Woman awarded €700,000 damages over hip implant

High Court award is first made by a judge in a case over DePuy products

The case ran for 10 days in the High Court and is the first to go to judgment as others have settled before the court. As a result, the award is the first made by a judge in a case over DePuy hip implants

The case ran for 10 days in the High Court and is the first to go to judgment as others have settled before the court. As a result, the award is the first made by a judge in a case over DePuy hip implants

 

A mother of three who sued hip replacement implant manufacturer DePuy International has been awarded more than €700,000 damages by the High Court

While Gillian O’Sullivan’s injuries were “clearly not catastrophic”, they were “undoubtedly severe” and caused major disruption to her life, Mr Justice Kevin Cross found.

The injury resulted in serious continuing pain and ongoing permanent medical attention, he said.

Ms O’Sullivan’s injuries were far more severe than any other person whose case had opened before him in relation to DePuy hip replacement implants, he added.

The case ran for 10 days in the High Court and is the first to go to judgment as others have settled before the court. As a result, the award is the first made by a judge in a case over DePuy hip implants.

In her action, Ms O’Sullivan (52), of Tramore, Waterford, sued DePuy International Ltd claiming damages for negligence, breach of duty and liability for a defective product.

The claims were denied but, last October, DePuy said it did not require Ms O’Sullivan to establish the DePuy product supplied to her was defective and the case went ahead as an assessment of damages only without any admission of liability.

Revision surgery

Ms O’Sullivan had a left hip replacement in October 2005 and a right hip replacement in May 2006. Later, she had to have further revision surgery.
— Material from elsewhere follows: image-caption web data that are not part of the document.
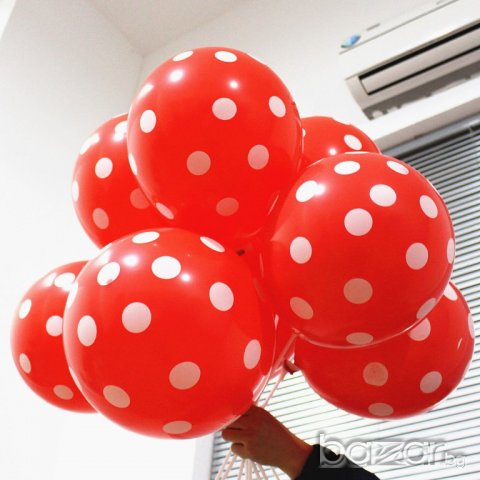 Намаление - 30 % "Полка точки" латекс червен на бели точки с хелий или въздух, декорации с балони, снимка 3 - Надуваеми играчки - 18887080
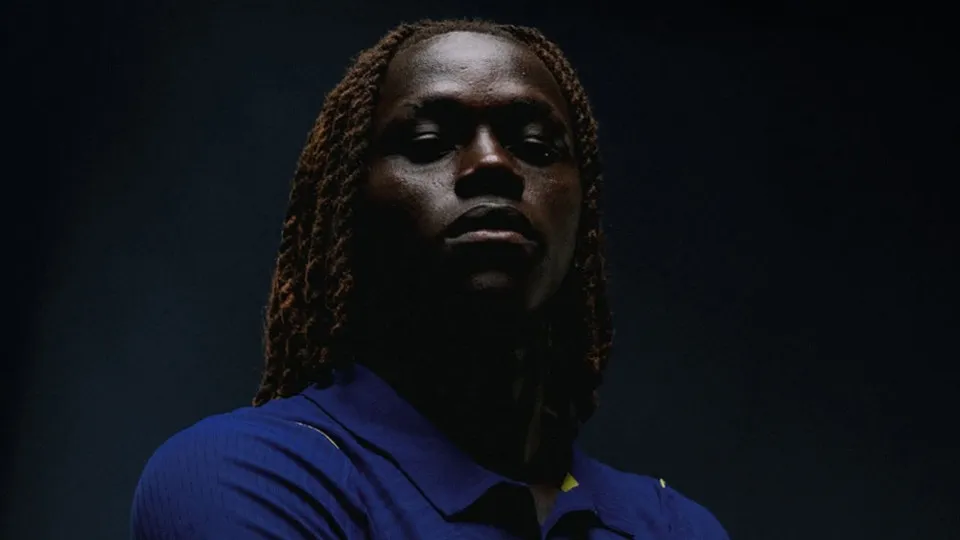 Oficial: Quenda apresentado pelo Chelsea e deixa garantia para o futuro
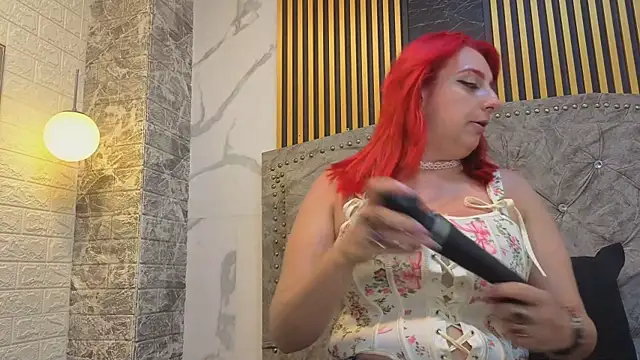 Snapshot of angel__red_ chatting on 10, 8, 2026 angel red online show from 10, 8, 2026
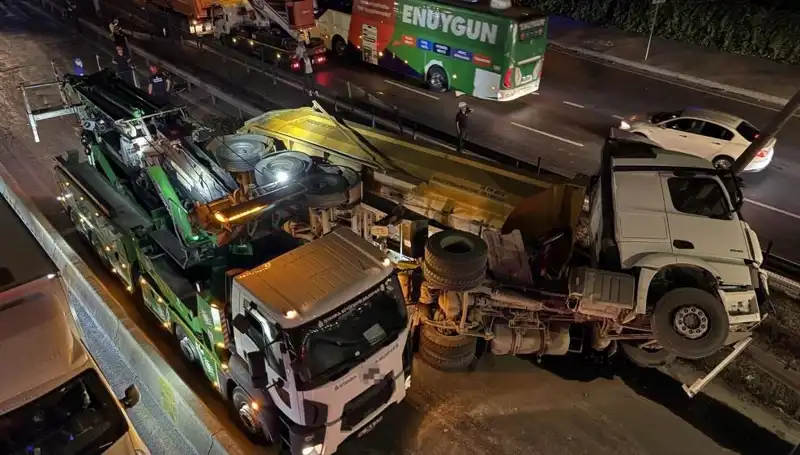 Moloz Yüklü Hafriyat Kamyonu Devrildi: Bölgedeki Durum Nedir?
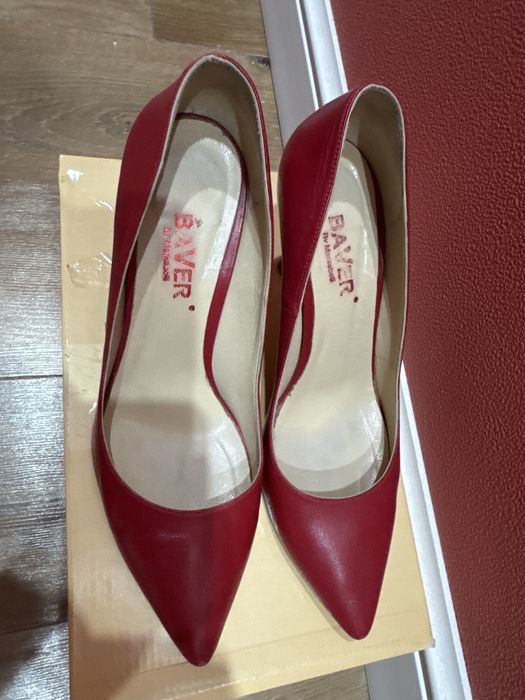 Продам туфли классические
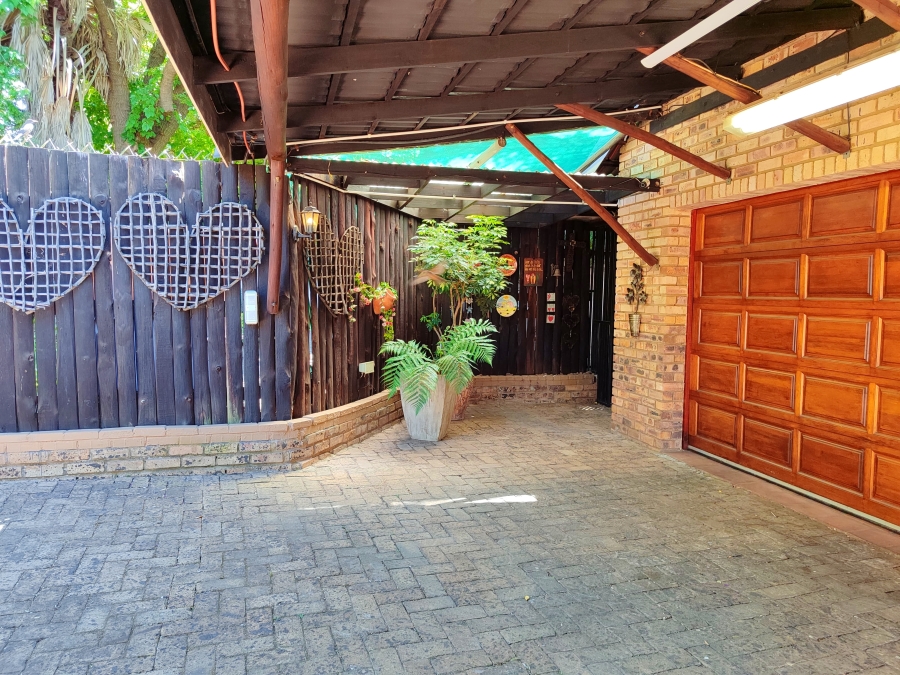 3 Bedroom Property for Sale in Wilkoppies North West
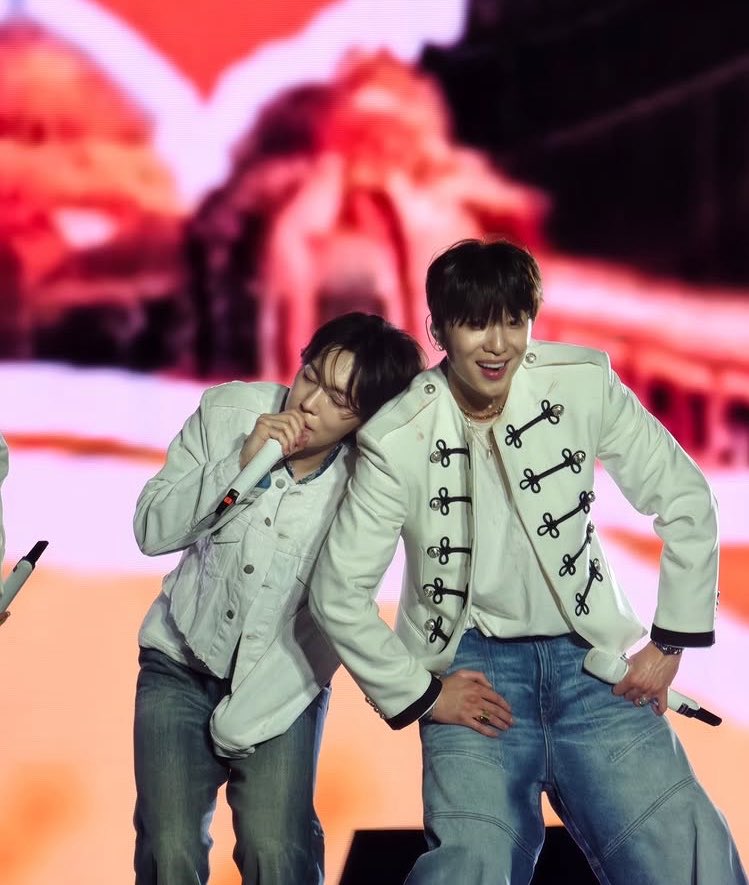 wi4nner's tweet photo. 이 사진 왤케좋지 https://t.co/SMzc4Ik6Op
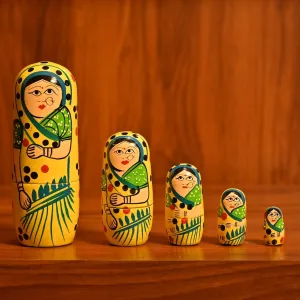 LOVENSPIRE Wooden Nesting Dolls Matryoshka Doll Set of 5 Hand Painted Indian Traditional Kondapalli Toys for Home Table Decor Wooden Stacking Dolls - Gifting Item Golu Dolls (6 Inch)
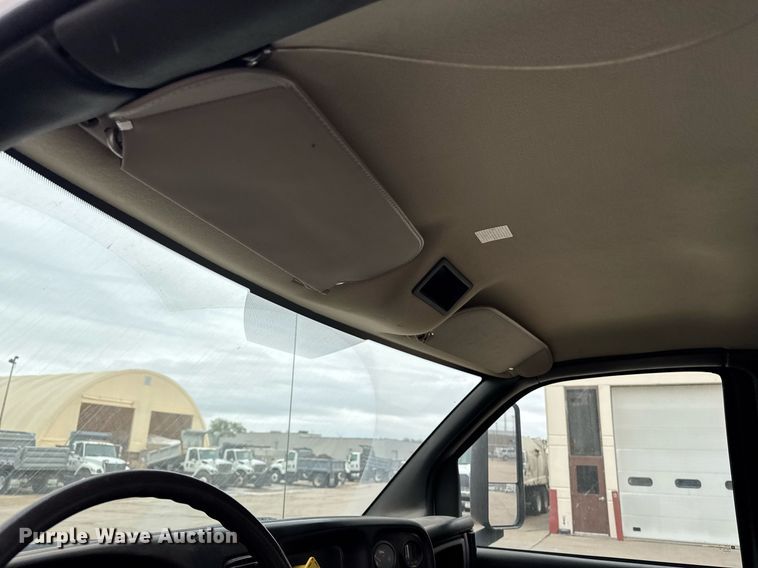 image for item DV2585 2007 Chevrolet C8500 bucket truck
Mr Justice Cross said, before her first left hip replacement operation, Ms O’Sullivan was told by a consultant it was a “once in a lifetime job” and afterwards she would have hips “like Brian O’Driscoll”.

Ms O’Sullivan said she gradually got worse and in 2007 started to experience a grinding sensation continuously in both legs. When she complained in late 2007 about her hips, she was told the “god of orthopaedics” had done the surgery.
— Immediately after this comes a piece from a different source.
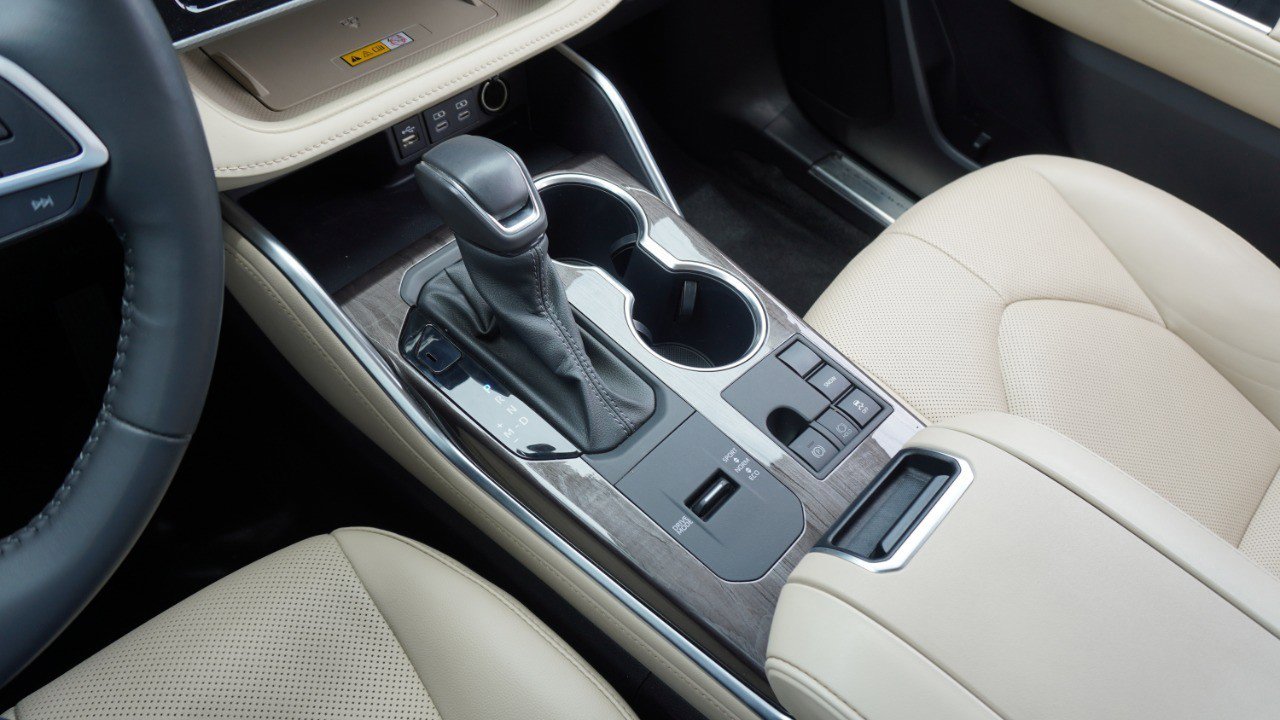 Used 2024 Toyota Highlander Platinum FWD image 19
Ms O’Sullivan had two further operations which were revisions of the earlier hip replacement operations. When she woke up from the left hip revision operation, she complained she had a severe pain in her knee but there were better results with the right hip revision operation.
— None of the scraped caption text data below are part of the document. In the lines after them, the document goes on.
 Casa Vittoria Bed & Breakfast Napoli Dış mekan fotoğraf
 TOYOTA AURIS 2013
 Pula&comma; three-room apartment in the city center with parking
The judge said Ms O’Sullivan now has significant problems and disabilities, is in significant pain, has significant limitations of movement and requires crutches.

He found 90 per cent of her past, present and future problems are referable to her hips and she will require three extra unnecessary hip replacements throughout her life.

Awarding total damages of €704,000, Mr Justice Cross allowed for general damages as well as past and future care.